Activity - Set down the entries below exactly; drop the pictures.

Dataset entries
-------------------------

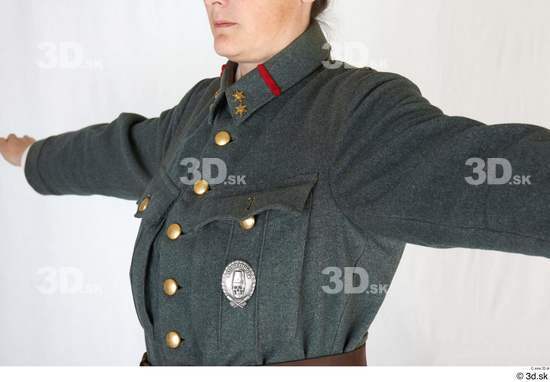 Upper Body Woman White Army Belt Jacket Studio photo references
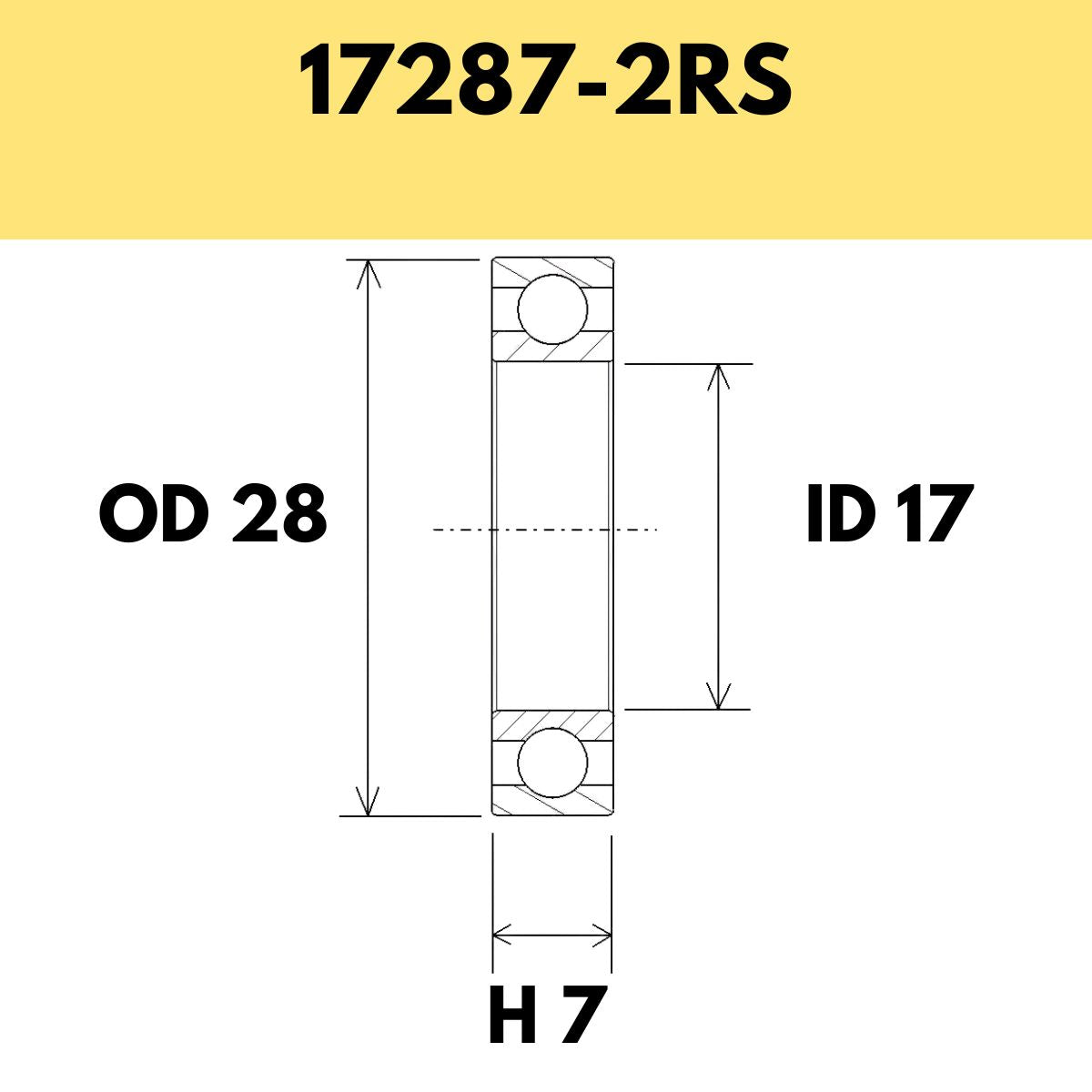 Black Bearing 17287 2 Rs Radial Sealed Bearing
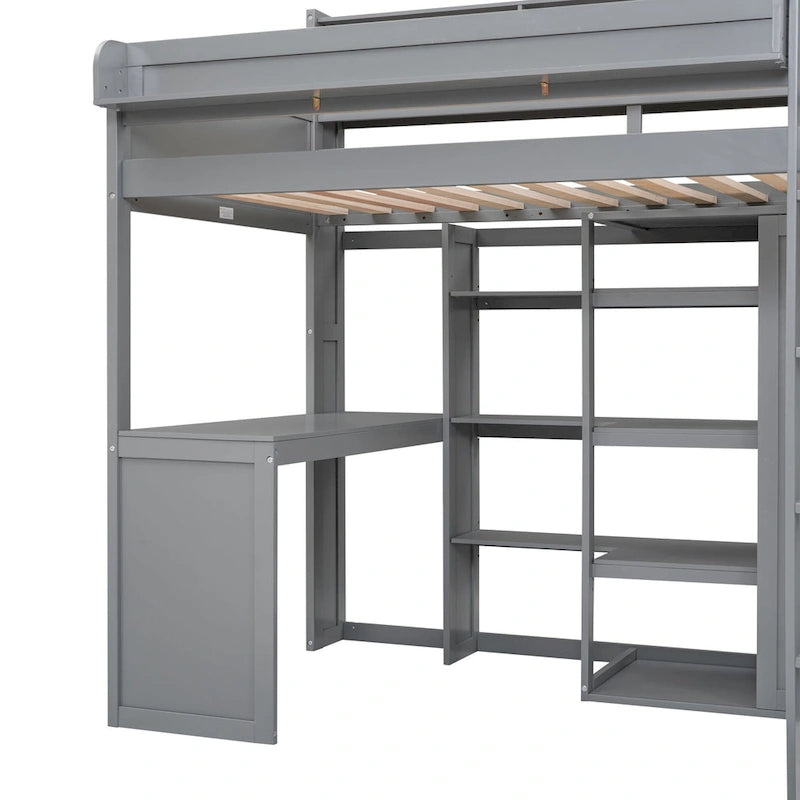 Lit mezzanine en bois pour enfant avec bureau, armoire, étagères et placards de rangement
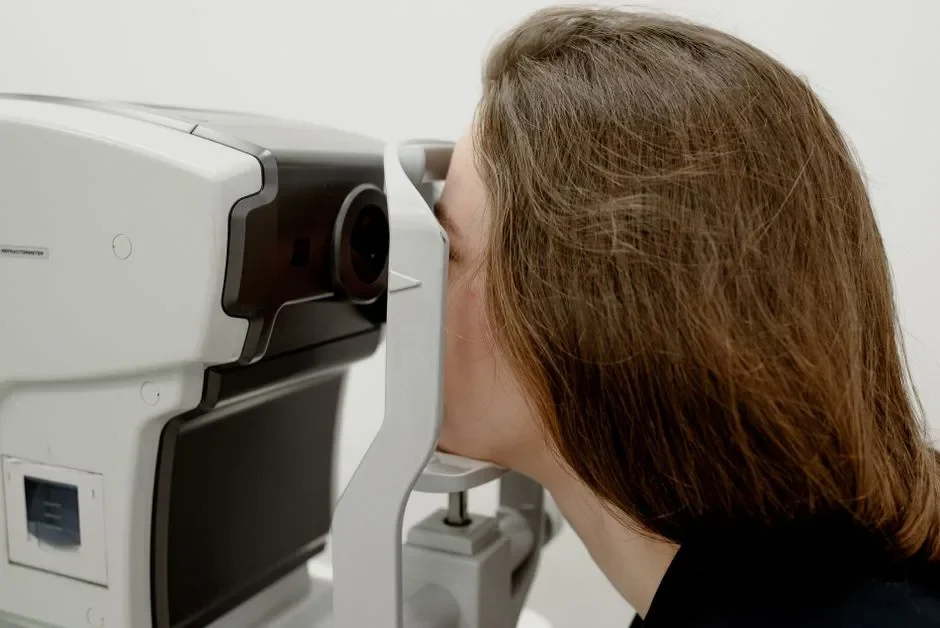 Follow-up eye exam during cataract surgery recovery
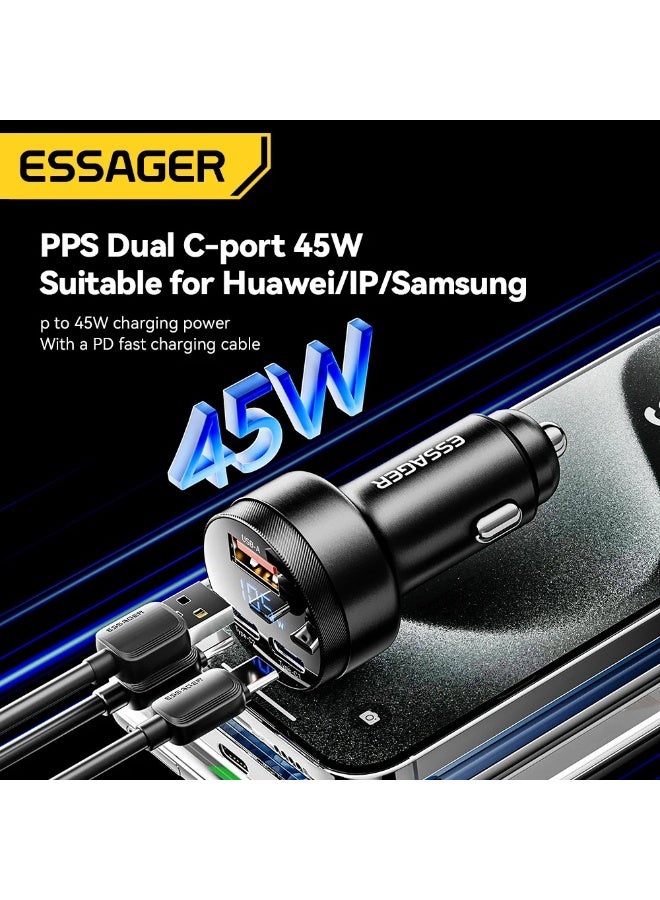 Essager 105W Digital Display Fast Car Charger For iPhone 15 14 pro MacBook USB A C Quick Charger For Huawei Xiaomi Samsung OPPO - Image 3
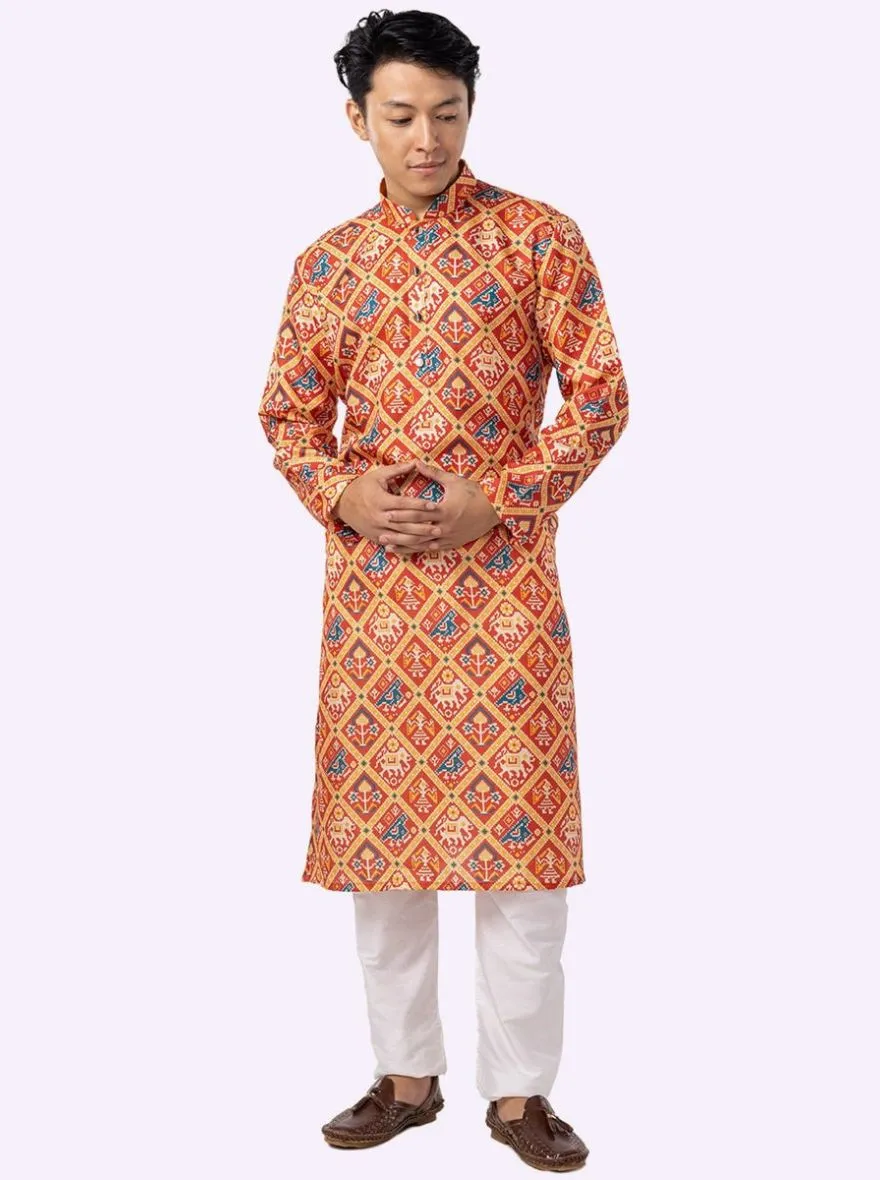 Stylish Ruby Red Printed Kurta | The Kurta Company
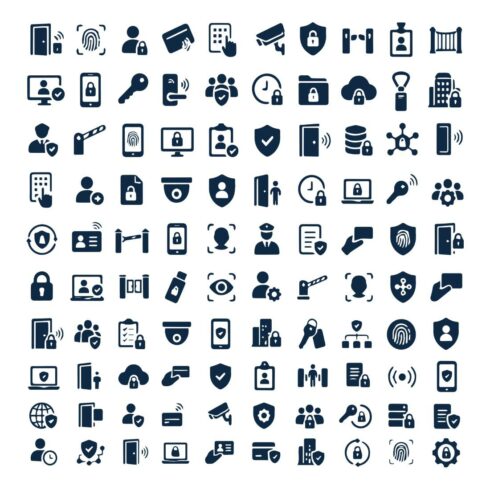 Modern Access Control Icons for Business, Secure Door Entry, Employee ID, Fingerprint, Keyless Access, Authentication and Security Systems cover image.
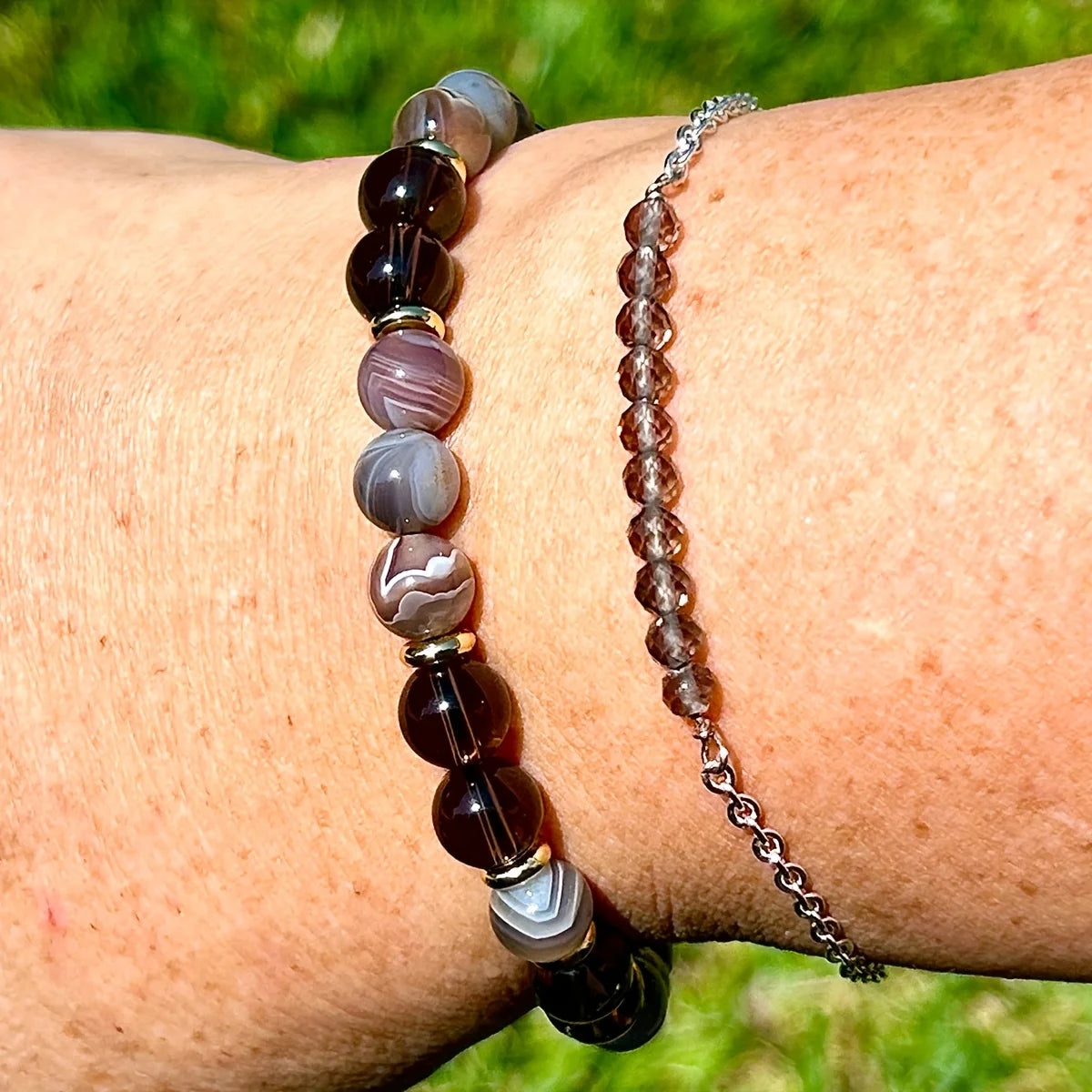 Agate Smoky Quartz Unisex Bracelet for Calm and Strength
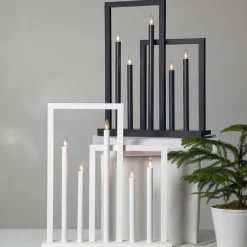 Frame vinduesstage i træ, 5 lyskilder, mørkegrå^STAR TRADING New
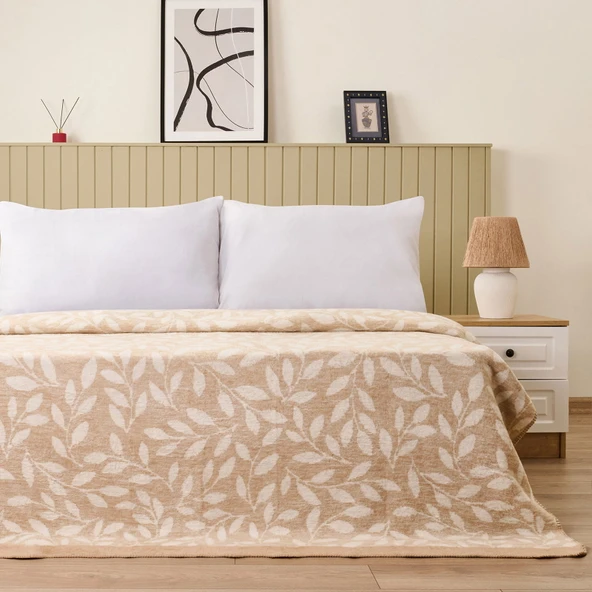 Soft Sprig Pamuklu Çift Kişilik Battaniye - Bej - 200x220 cm ürün görseli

-------------------------

Answer to this exercise -
 Upper Body Woman White Army Belt Jacket Studio photo references
 Black Bearing 17287 2 Rs Radial Sealed Bearing
 Lit mezzanine en bois pour enfant avec bureau, armoire, étagères et placards de rangement
 Follow-up eye exam during cataract surgery recovery
 Essager 105W Digital Display Fast Car Charger For iPhone 15 14 pro MacBook USB A C Quick Charger For Huawei Xiaomi Samsung OPPO - Image 3
 Stylish Ruby Red Printed Kurta | The Kurta Company
 Modern Access Control Icons for Business, Secure Door Entry, Employee ID, Fingerprint, Keyless Access, Authentication and Security Systems cover image.
 Agate Smoky Quartz Unisex Bracelet for Calm and Strength
 Frame vinduesstage i træ, 5 lyskilder, mørkegrå^STAR TRADING New
 Soft Sprig Pamuklu Çift Kişilik Battaniye - Bej - 200x220 cm ürün görseli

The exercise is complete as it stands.